Mingtiegai means "a thousand camels" in the Tajik language, which perfectly describes the shapes of the mountains on the Pamir Plateau. That is also where Marco Polo discovered a large argali with spiraling horns, which was named after him when the Italian made his way to China.
Traveling westward from the outpost along the valley and almost reaching the border between China and Afghanistan lies Keketuluke, which means "where flowers blossom" in Tajik. But with snow and rocky mountains in the high altitude all year long, the idea of seeing flowers blossom in this area is only a dream.
The troops based there have to bear the harsh environment and try to make the most out of being in a no man's land, said Wang Lie, a political instructor of the battalion in charge of the Wakhan Corridor-based companies.
"A soldier there once asked me if he could have a few days off because he wanted to see a tree," said Wang, 37, who has been serving in the corridor for 18 years.
His skin has become extremely tan after working on the Pamir Plateau, where ultraviolet radiation from the sun is very strong.
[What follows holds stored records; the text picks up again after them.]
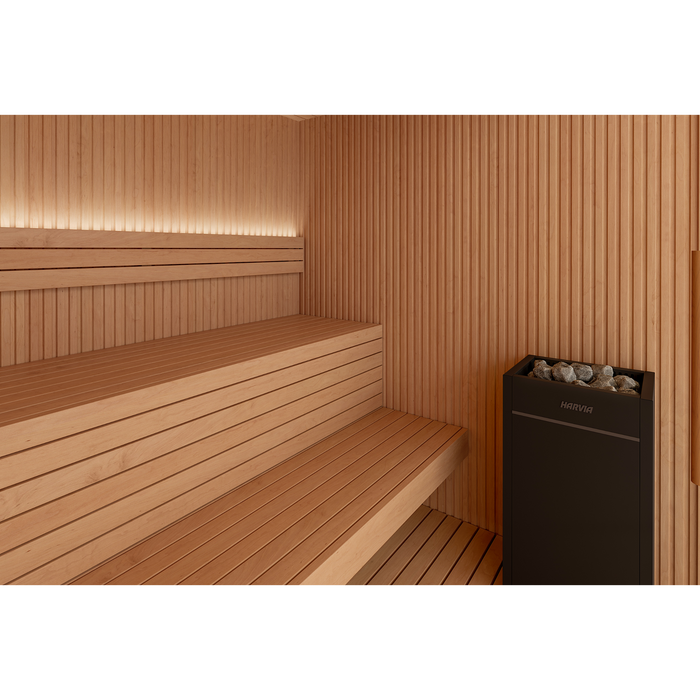 Auroom Libera Glass Traditional Indoor Sauna - Alder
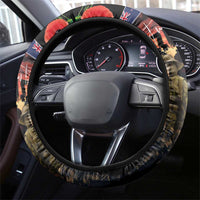 Australia and New Zealand ANZAC Day Steering Wheel Cover Kangaroo and Kiwi Bird Soldier - Forever in My Thoughts LT03 - Polynesian Pride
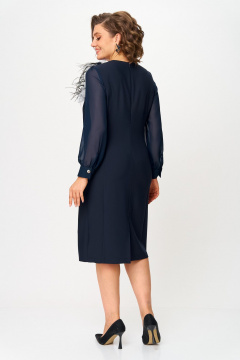 Платье ANASTASIA MAK 1274 темно-синий - фото 5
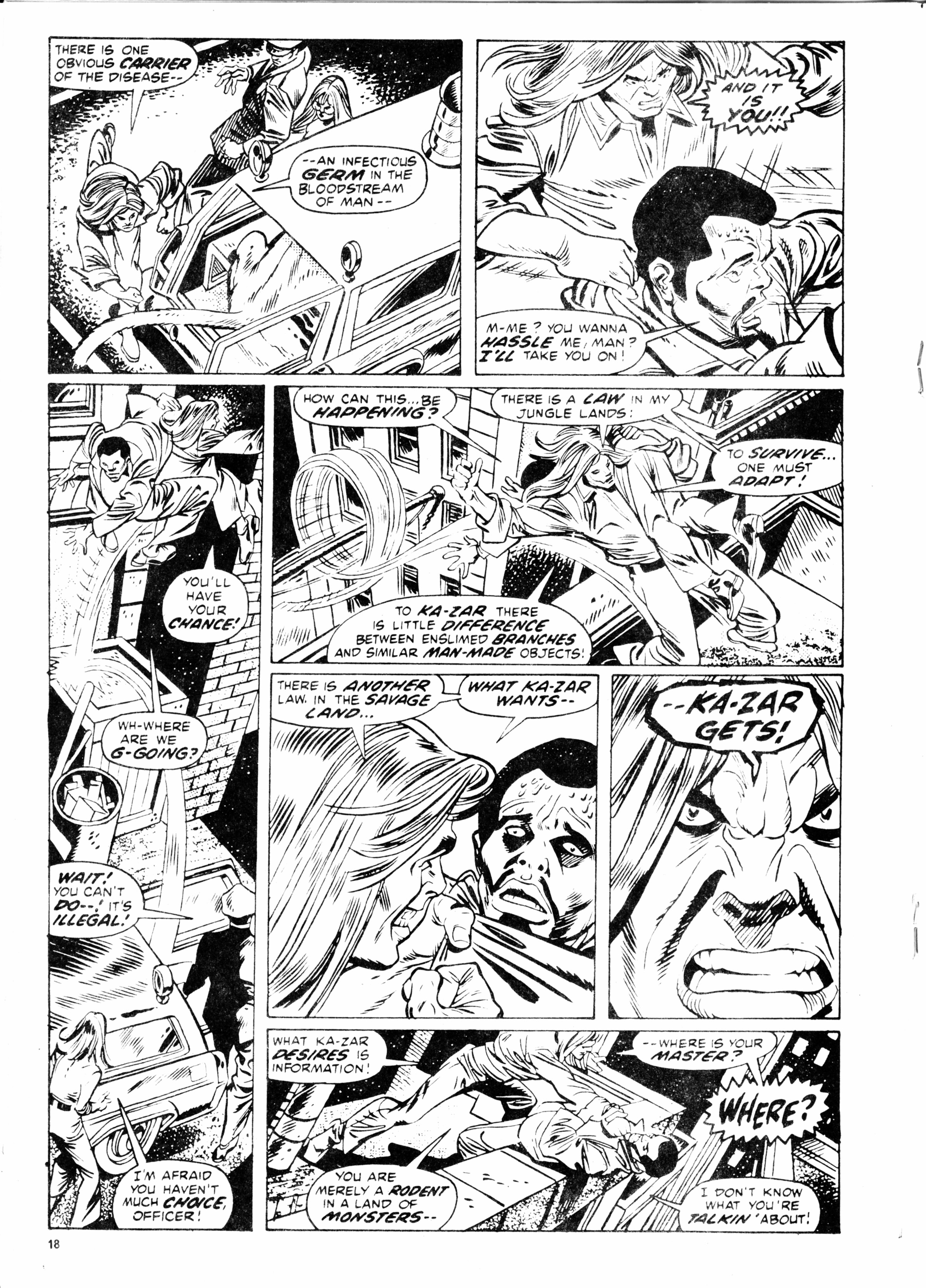 Read online Planet of the Apes (1974) comic -  Issue #65 - 18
The PLA has developed a special sunscreen lotion for troops based on high plateau areas. Wang said it works wonders in protecting skin, but getting tanned cannot be prevented.
A barbed wire fence appeared after another 20 km west of Keketuluke. The fence separates China and Afghanistan amid the 92 km border area.
"Although the border between the two countries is not long, separatist extremists and terrorists always attempt to penetrate China through it," Wang said.
The Wakhan Corridor was a peaceful area until war broke out in Afghanistan following the Sept 11, 2001, attacks in the US. It has since begun to draw international attention, and the PLA has tightened its border control.
In 2012, a Tajik herdsman informed the troops that suspicious people were spotted at the valley. Soldiers later caught five men who had planned to go to Afghanistan to participate in jihad, or holy war, Wang said.
Some Tajiks have moved to the corridor in the summer for their sheep and yak to graze on the rich grassland. Every time a PLA vehicle drove past the valley, they all came out of their yurts and waved to the soldiers.
"We cannot guard the border without the Tajik herdsmen. We hire their yaks to patrol in the winter and they become our guides. They also provide valuable information about suspicious activities when they graze their sheep," Wang said.
"We are proud to help the soldiers because they are here to protect us," said Wutkar Ablas, 45, who has been herding in the Wakhan Corridor for 20 years.
Wutkar's family is one of the 20 households of Tajik herdsmen in the corridor.
"We all know this valley is important. I even want to spot terrorists here so that we can catch them. If one comes, we will catch one," he said.
"If 100 come, we will catch 100."
Beside outposts, the troops in the Wakhan Corridor have to routinely patrol China's borders with the three countries.